Thursday, March 27, 2008
Garfield meets Beckett
Time magazine, as I perused a stray copy in the dentist's chair the other day, brought me not only Pico Iyer's intriguing article about the Dalai Lama and the Tibetan revolts (I saw them in our paper today labelled a milder "protest" while the Chinese diligently spin them into making their colonial aggressor the put-upon shrinking violet, now jailing over 600 "reactionaries"), but this welcome news of one Irishman's own struggle manipulating the same power of the medium to make a message worldwide against bodily oppression and soul-destruction.

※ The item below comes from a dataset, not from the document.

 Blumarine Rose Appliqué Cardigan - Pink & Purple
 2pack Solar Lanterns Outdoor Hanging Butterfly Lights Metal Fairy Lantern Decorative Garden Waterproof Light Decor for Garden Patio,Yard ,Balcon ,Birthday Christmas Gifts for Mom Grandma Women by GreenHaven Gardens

"If you still doubt the awesome power of the Internet, consider this: it has the power to make Garfield funny again. Garfield Minus Garfield, at [Here 'tis] is a website that republishes old Garfield strips doctored so that Garfield himself isn't there. All you see is a lonely and apparently demented Jon Arbuckle wandering an empty landscape of countertops and refrigerators, lasagna and coffee. 'Who would have guessed,' writes the site's author, who identifies himself as Dan Walsh, 32, of Dublin, Ireland, 'that when you remove Garfield from the Garfield comic strips, the result is an even better comic about schizophrenia, bipolar disorder and the empty desperation of modern life?' Samuel Beckett, eat your heart out."
I must credit Leo with telling me about this ahead of Time! If only by a few days. He certainly perches at the cutting edge of pop culture detritus.
Image: March 25th's entry. This week's closest to Beckett, notwithstanding the sign-off the television test pattern motif. I'm not seriously diminishing the desparation in Tibet. I've posted on it twice this past week. Time's cover story on Tibet can be found via the March 31st issue A Monk's Struggle. Time now has a website that allows you to search the magazine back to its 1927 birth with Henry Luce.